Do you always feel that insomnia has taken over you a night or several days before you have the interview to lock in that crucial job in your favorite company? Do you feel stressed to the extent that you lose your focus from everyday tasks?
Do you have a low self-confidence? Does your voice shake during your interview? Are you the one who just cannot take that chain ki saans (feel relieved) until and unless you come out of the interview room?
Well! If this happens with you in your first or subsequent professional interviews that you face in your life, this article is for you!
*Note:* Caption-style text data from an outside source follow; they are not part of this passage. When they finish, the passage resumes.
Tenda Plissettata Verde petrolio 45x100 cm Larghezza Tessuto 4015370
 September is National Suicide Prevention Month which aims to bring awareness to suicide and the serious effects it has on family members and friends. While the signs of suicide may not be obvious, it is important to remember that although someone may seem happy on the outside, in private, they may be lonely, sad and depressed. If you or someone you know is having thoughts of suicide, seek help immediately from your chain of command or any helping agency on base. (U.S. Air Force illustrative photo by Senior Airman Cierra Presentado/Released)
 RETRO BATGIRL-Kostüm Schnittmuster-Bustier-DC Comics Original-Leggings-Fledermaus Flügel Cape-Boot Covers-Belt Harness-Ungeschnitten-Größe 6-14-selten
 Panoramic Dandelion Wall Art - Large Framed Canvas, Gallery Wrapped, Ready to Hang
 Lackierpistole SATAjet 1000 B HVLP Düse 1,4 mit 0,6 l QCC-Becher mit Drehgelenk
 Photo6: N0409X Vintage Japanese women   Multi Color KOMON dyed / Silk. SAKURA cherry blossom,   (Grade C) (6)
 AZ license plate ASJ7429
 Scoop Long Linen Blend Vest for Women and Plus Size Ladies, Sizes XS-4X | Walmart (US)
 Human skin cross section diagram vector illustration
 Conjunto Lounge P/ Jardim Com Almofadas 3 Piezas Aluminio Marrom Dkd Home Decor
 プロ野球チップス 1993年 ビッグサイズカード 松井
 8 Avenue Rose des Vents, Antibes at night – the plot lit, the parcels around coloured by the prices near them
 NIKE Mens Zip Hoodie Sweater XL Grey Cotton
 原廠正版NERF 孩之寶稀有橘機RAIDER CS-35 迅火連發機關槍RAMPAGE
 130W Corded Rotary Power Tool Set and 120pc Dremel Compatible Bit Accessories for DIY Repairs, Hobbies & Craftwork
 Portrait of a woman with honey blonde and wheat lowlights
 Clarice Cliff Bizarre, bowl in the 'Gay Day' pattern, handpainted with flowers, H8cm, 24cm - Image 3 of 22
Interviews to get that dream first job or getting admission in your favorite course become an incredible part of our lives once you pass out of school. With increasing competition in every field, the process of getting a nod to start with your desired job or get admission to the wanted course has become more complex. Different organizations have different patterns of questions set for you along with a set of parameters to judge that you naturally are not aware of.
Beating that stress is necessary to prevent its ill effects on your health even though for a small period of time. It is harmful, decreases the desire to avail new opportunities that may just be waiting for you if you wish to look and face them. So, how to cope with the stress that naturally sets in leading you to become “not in your own skin” for some period of time?
We bring you some tried-and-tested methods to sustain normality even with those speed-breaker interviews in the course of your life:
- Make way for it:
It should not be the case that as soon as your interview date is fixed or you are informed about it, you should start “preparing” for it. By preparing here, we mean start imagining the number of people who will take your interview, the questions they might ask or the worst that they might ask things that you may not know.
DO NOT MAKE THE MISTAKE OF UNNECESSARILY STRESSING YOURSELF FROM DAY 1
It is necessary to approach an interview in the right manner or what we might say as “make way for it”. You may do it through two ways- voluntary preparation and involuntary preparation. Voluntary preparation includes focusing on the real academic questions which you might have to answer; study and improve your knowledge in the field of the interview.
Involuntary preparation involves continuing with your daily routine and adding some more yoga, exercise and practical stress-busting activities to it. Activities, like listening to music and carving out some “hobby” time, are going to help you during the interview without you being able to judge the positive effect that they have on you.
- Pledge to be original and frank
This is a quite underrated point as many may disagree from being their original self inside the interview room. But, believe me, it really helps! Being original and presenting yourself with all those flaws gives an interviewer a chance to see through your originality and honesty that you would apply to work as well.
Over and above being original, what matters is, to be frank. If you do not know the answer to a question, better to admit it rather than giving a diplomatic answer that your interviewers can see through.
- Ditch those last-minute preparations
This advice might have been given to you during school or college days when you are appearing for your exams. Opening that large sized book just before the exam may lead you to forget what you remember. Yes! That’s true! If it did not harm you in your exams, it can very well pay off in your job interview.
At stake is your dream job and you cannot let it go just by doing this mistake. As the interview day approaches, try to remain as full with the knowledge you already have. Even by studying in those last dew hours, you will not be able to answer each academic question asked to you. What will matter is your presentation, your way of approaching the questions and your confidence in the interview room.
You may be sitting outside the interview room but cannot keep yourself from imagining what will happen inside. Take a deep breath in and out! Keep doing it from time to time, 5 times in a row. Try distracting yourself by talking to someone, sharing, thinking about the speed-breakers you have crossed in the past or listening to music.
Most importantly, believe that it shall pass! Every moment does so why not this? SO, Stop worrying about it and just face it!
- Talk to yourself in the mirror
Facing yourself in the mirror and motivating yourself really helps! You can also practice answering some basic questions that are expected in the interview facing the mirror. This will help you to improve your expressions, the way you walk or present yourself and in turn improve your self-confidence.
It will also help you to understand the places where you are not feeling confident or are blabbering and improve your vocabulary accordingly.
So, before stepping in there, return to your “normal safe skin” and face the interviewer who is also a human being like you with his own set of professional failures in past. Remember that no one is perfect and you do not need to start the line!